Web page caption snippets
========================================

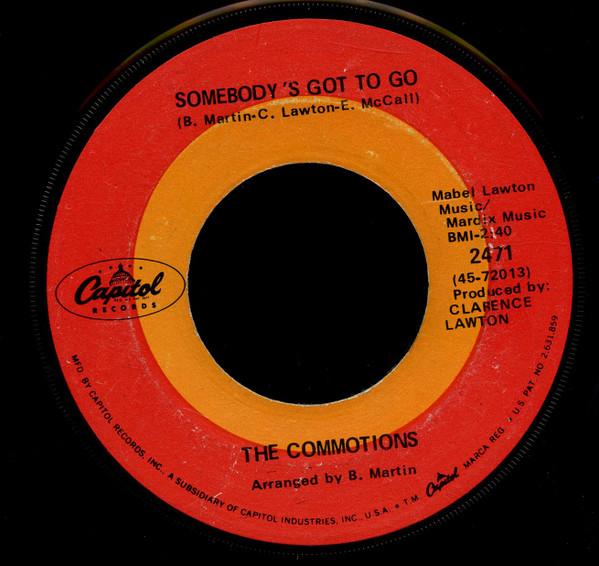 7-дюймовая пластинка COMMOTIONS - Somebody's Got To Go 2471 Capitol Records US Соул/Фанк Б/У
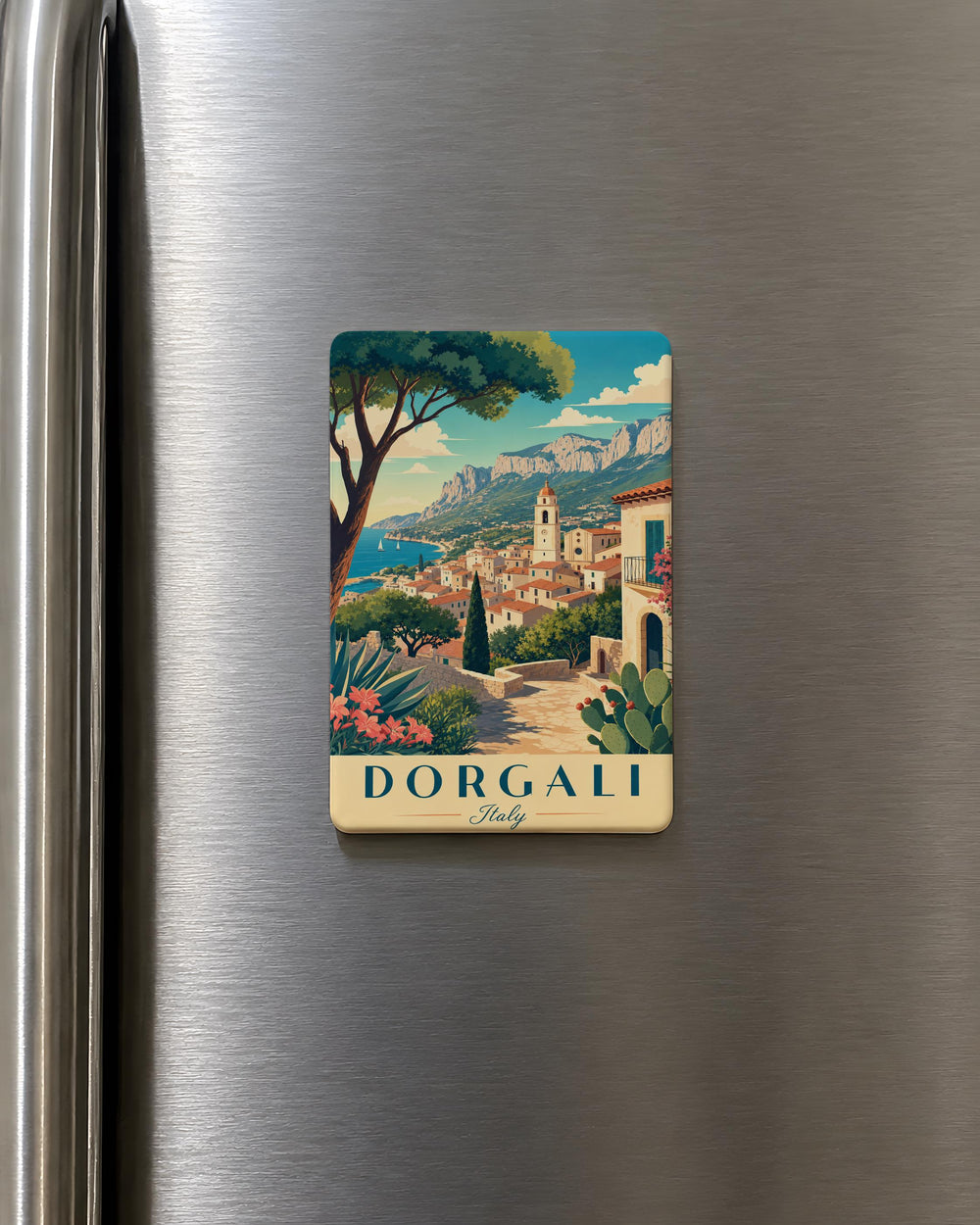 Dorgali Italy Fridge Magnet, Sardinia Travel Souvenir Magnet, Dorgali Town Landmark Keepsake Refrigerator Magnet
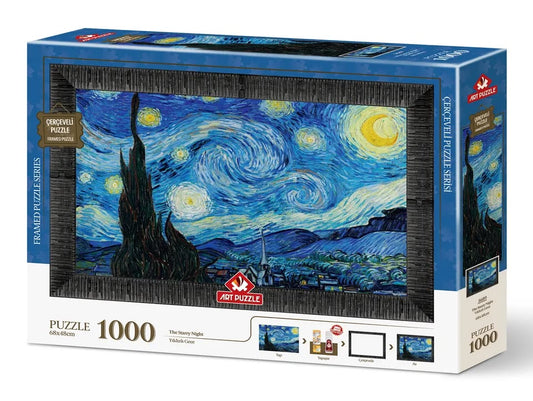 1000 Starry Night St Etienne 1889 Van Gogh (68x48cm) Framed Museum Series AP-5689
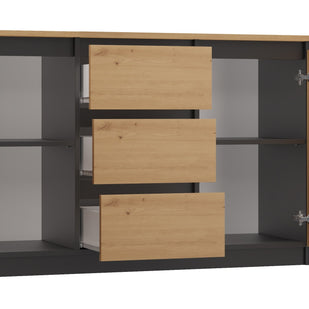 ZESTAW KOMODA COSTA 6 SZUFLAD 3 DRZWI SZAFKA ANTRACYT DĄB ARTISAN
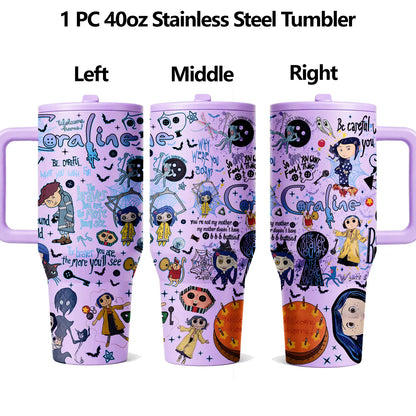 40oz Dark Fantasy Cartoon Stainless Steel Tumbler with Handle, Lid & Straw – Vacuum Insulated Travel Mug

========================================

● Exercise instructions
Set down every line of the entries above again, exactly as written, but not the pictures.

● Written response
 7-дюймовая пластинка COMMOTIONS - Somebody's Got To Go 2471 Capitol Records US Соул/Фанк Б/У
 Dorgali Italy Fridge Magnet, Sardinia Travel Souvenir Magnet, Dorgali Town Landmark Keepsake Refrigerator Magnet
 1000 Starry Night St Etienne 1889 Van Gogh (68x48cm) Framed Museum Series AP-5689
 ZESTAW KOMODA COSTA 6 SZUFLAD 3 DRZWI SZAFKA ANTRACYT DĄB ARTISAN
 40oz Dark Fantasy Cartoon Stainless Steel Tumbler with Handle, Lid & Straw – Vacuum Insulated Travel Mug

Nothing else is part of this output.